Tel n'est pas l'avis d'autres témoins français. "Ils ne se faisaient en tout cas manifestement aucune illusion sur leur sort, car M. Ung Boun Hor m'a demandé d'embrasser son épouse, de lui dire qu'il l'aimait, et qu'il allait mourir", a expliqué aux policiers le docteur Carlos Ripoll, qui dirigeait une maternité dans la capitale. François Bizot, lui, a souligné le dilemme que devait résoudre, seul, le diplomate français.
"Il faut bien comprendre que M. Dyrac avait à faire face à un véritable ultimatum, dont les conséquences pour la communauté des étrangers réfugiés dans le campus pouvaient, en cas de refus, être catastrophiques."
Le 19 avril, à l'heure matinale prévue, une Jeep et deux camions se sont arrêtés devant la grille. Sous une pluie diluvienne, la douzaine de personnalités cambodgiennes sont sorties dans leur direction, accompagnées par M. Dyrac. Le prince Sirik Matak et la princesse Manivane ont pris place dans la Jeep. Puis est venu le tour d'Ung Boun Hor, qu'"il a fallu soutenir brièvement en raison de son état de faiblesse, a raconté le consul aux policiers. A un moment donné, il s'est mis à genoux, et lorsque je lui ai donné l'assurance que Sirik Matak avait pris place dans la Jeep, il est monté sans trop de difficultés dans le camion. En tout état de cause, il n'a subi aucune contrainte."

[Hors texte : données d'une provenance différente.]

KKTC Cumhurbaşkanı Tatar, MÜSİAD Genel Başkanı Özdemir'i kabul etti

Tant d'incertitudes entourent les derniers instants d'Ung Boun Hor dans l'ambassade ! Le temps a altéré les souvenirs. Une photographie publiée dans le magazine Newsweek, le 19 mai 1975, dit tout et son contraire. On y voit deux gendarmes en civil le soutenir, ou peut-être le forcer à avancer, on ne sait. Dans son livre La Déchirure (Presses de la Cité, 1985), Christopher Hudson raconta une autre histoire, corroborée par aucune autre source, selon laquelle Ung Boun Hor était accompagné de sa fille. Pris de panique, il se serait mis à courir, puis aurait trouvé refuge à l'arrière d'une Citroën garée dans l'enceinte, avant d'en être extrait. Selon l'écrivain, "le malheureux fut traîné hors de la voiture et à demi porté jusqu'au portail par les gendarmes". Acteur-clé de ces sombres journées, François Bizot, lui, réfute toute mesure de contrainte à l'égard d' Ung Boun Hor : "Je ne me souviens de rien qui puisse faire penser que les gendarmes aient forcé ce monsieur à sortir de l'ambassade", a-t-il assuré devant les policiers.

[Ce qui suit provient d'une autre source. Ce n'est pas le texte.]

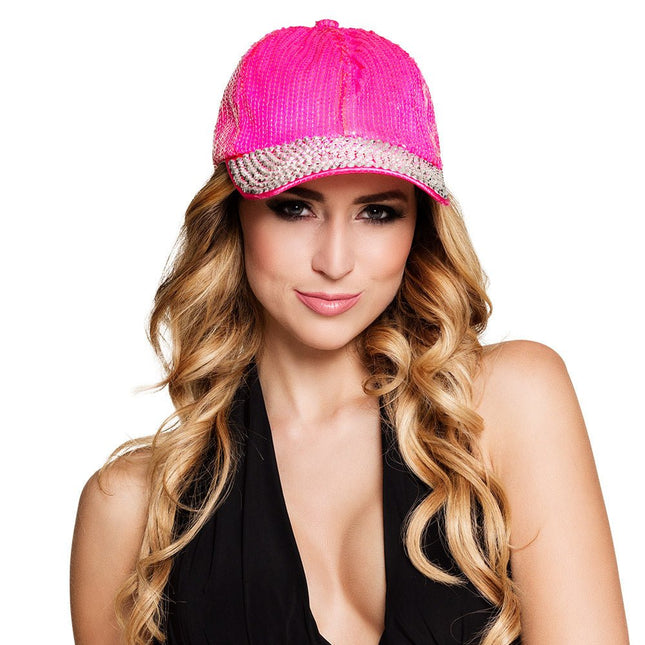 Roze Bling Bling Pet van Boland koop je bij Partywinkel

Médecin généraliste à Phnom Penh, Etienne Plagie a expliqué, lui, que le départ du dignitaire cambodgien avait donné lieu à des incidents. "Malheureusement oui, dans la mesure où M. Ung Boun Hor refusait de monter dans le camion benne posté à l'extérieur de l'ambassade... Je me souviens pertinemment que ce sont les deux gendarmes français, sous la menace des armes des Khmers rouges, qui devenaient de plus en plus nerveux, qui l'ont forcé à monter dans le camion."
Nous avons retrouvé l'un de ces deux militaires. Aujourd'hui retraité, Pierre Gouillon, 67 ans, vit près d'Aurillac, dans le Cantal, où il s'occupe notamment d'enfants handicapés. L'Algérie, le Tchad, la Nouvelle-Calédonie : sa vie a été jalonnée de missions longues à l'étranger. La plus intense, il la vécut au Cambodge. Trois ans sans pouvoir sortir de Phnom Penh, à peine de l'ambassade. Se souvient-il d'Ung Boun Hor ? Bien sûr. Les policiers parisiens l'ont interrogé, lui ont montré la photo.
Pas simple de reconstruire un passé trentenaire. Mais une chose demeure cristalline dans son esprit : c'est lui qui l'a refoulé sans succès, une première fois, à son arrivée, avant que le dignitaire ne pénètre dans l'ambassade incognito, au milieu de la foule ; c'est lui également qui l'a raccompagné vers la sortie et remis aux Khmers rouges, deux jours plus tard. "J'étais un simple exécutant, résume-t-il sans fard. Il ne voulait pas y aller, il faut être franc. Il devait se douter de ce qui arriverait. Il s'est débattu, on l'a poussé. De toute façon, les Khmers rouges l'auraient chargé de force."